[PATCH xf86-video-glint] No need for byteswapping in YV12 decoding on BE machines

Mark Kettenis mark.kettenis at xs4all.nl
Sat Dec 11 14:24:25 PST 2010


> Date: Sat, 11 Dec 2010 22:52:25 +0100 (CET)
> From: Mark Kettenis <mark.kettenis at xs4all.nl>
> 
> > From: Alan Hourihane <alanh at fairlite.co.uk>
> > Date: Thu, 09 Dec 2010 13:00:54 +0000
> > 
> > On Thu, 2010-12-09 at 13:41 +0100, Mark Kettenis wrote:
> > > > Might want to check the hardware manuals on this, but there might be a
> > > > byteswap bit someplace that does it in hardware. The PGX32 may do this
> > > > at BIOS init time, whereas a PC version may not.
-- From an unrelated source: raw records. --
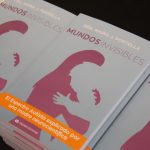 'Mundos invisibles'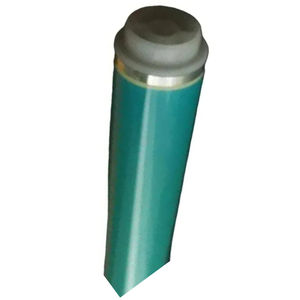 Tambor OPC compatible con Canon iR1730 ADV 400 500 1750 1740 - Product Image 6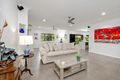 Property photo of 1 Bilgola Drive Kewarra Beach QLD 4879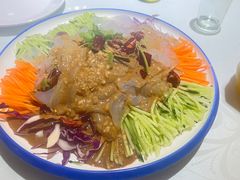 -民天酒楼(吕家营店)
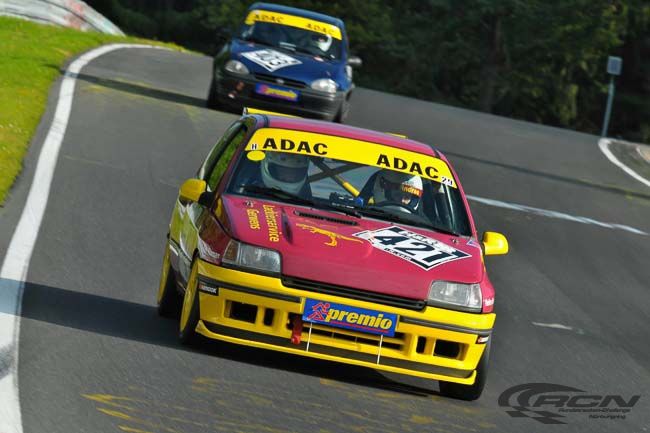 06rcn10_2547.JPG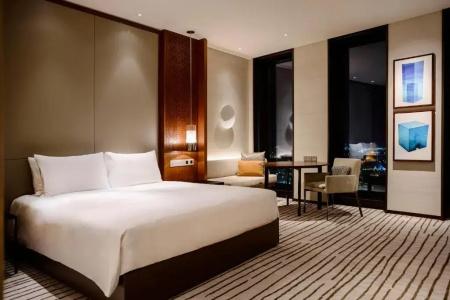 Park Hyatt - 21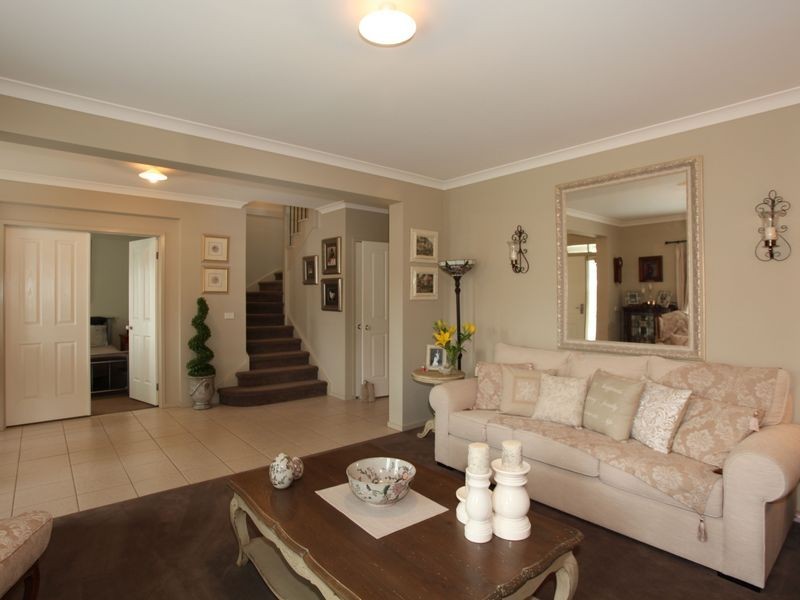 10 Azimuth Close, Narre Warren South VIC 3805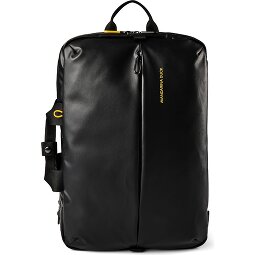 Mandarina Duck Eco Coated Plecak 40 cm  Model 1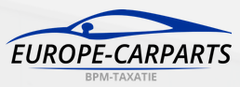 Europe-Carparts BPM-Taxatie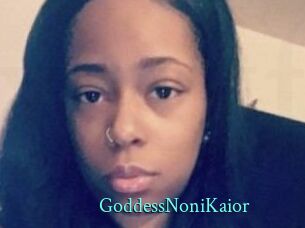 GoddessNoniKaior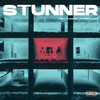 STUNNER (feat. LONELEE & Richboy Hardy) (Explicit) - DJ Sparrow&LONELEE&Richboy Hardy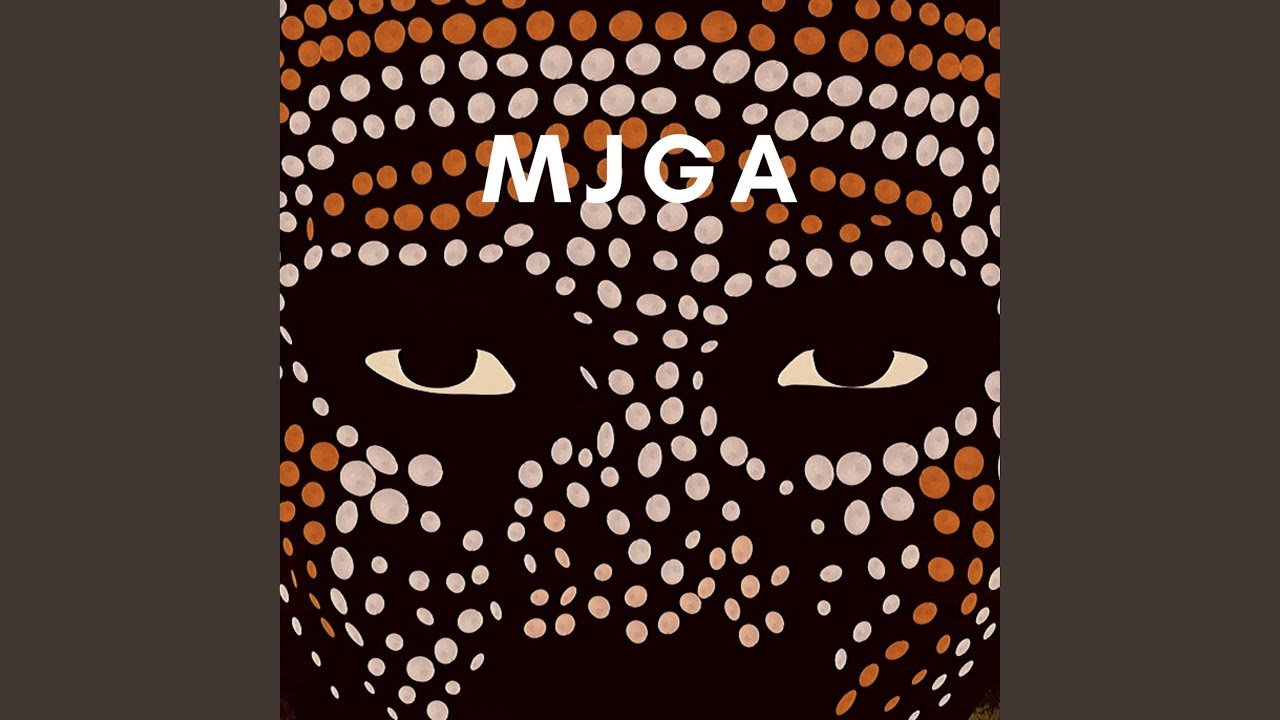 Mjga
There is a bit for this
> > > > on the PM3, so there maybe something on PM2.
> > > 
> > > Well, obviously the PGX32 doesn't have a BIOS, but the Open Firmware
> > > Forth code on the card might indeed do something like that.  The
> > > OpenBSD kernel driver for this card also twiddles some of the
> > > endianness bits for the framebuffer windows to get things into the
> > > state expected by the glint driver.  The Linux framebuffer driver does
> > > something similar, and I'm pretty sure NetBSD has something like that
> > > as well.
> > > 
> > > I don't have access to hardware documentation.  Documentation was only
> > > ever available under NDA isn't it?  Do you expect there is a seperate
> > > bit to set the ednianness used by the YUV transformation hardware?
> > 
> > Possibly. I can't remember. But it's worth checking because the code
> > wouldn't have been added without good reason in the first place.
> 
> Did some further digging, and I think I've figured out what's going on
> here.
> 
> The way the code works is that the YV12 data is uploaded to the
> texture buffer which is then translated to RGB and copied to the
> framebuffer by the hardware.  Uploading the YV12 data to the texture
> buffer is done through the same aperture that maps the framebuffer.
> Therefore writes to the texture buffer undergo the same byte twisting
> as writes to the framebuffer.  This has some interesting consequences.
> 
> My PGX32 is a Permedia 2v and, by default, runs in 32bpp mode.  So
> pixels are 32 bits wide and therefore the glint driver configures the
> aperture to do byte swapping, such that they end up as little-endian
> RGBA values in the framebuffer.  Since the YV12 is handled as 32-bit
> wide units as well, they undergo the proper big-endian to
> little-endian transformation as well, and there is no need for
> CopyYV12() to do anything special.  That means CopyYV12LE() is doing
> the right thing.
> 
> However, if I tell X to run in 16bpp mode, the situation changes.
> Pixels are 16 bits wide and therefore the glint driver configures the
> aperture to do half-word swapping.  But since the YV12 data is handled
> as 32-bit wide units, it now ends up being mangled when written to the
> texture buffer.  Unsurprisingly this results in weird looking video as
> well.  Note that the CopyYV12BE() code doesn't fix this.
> 
> Running X in 8bpp mode is also still possible.  In that case, the
> aperture is configured not to do any byte swapping.  In this case the
> CopyYV12BE() code would do the right thing.  But to be honest, given
> the limited color space that 8bpp mode provides, it is hard to tell if
> it does.
> 
> So I guess some sort of byteswapping version of CopyYV12() will be
> necessary to fix the 16bpp.  Alternatively we could use the second
> aperture and set it up to always do byteswapping and use that to
> upload the YV12 data to the texture buffer.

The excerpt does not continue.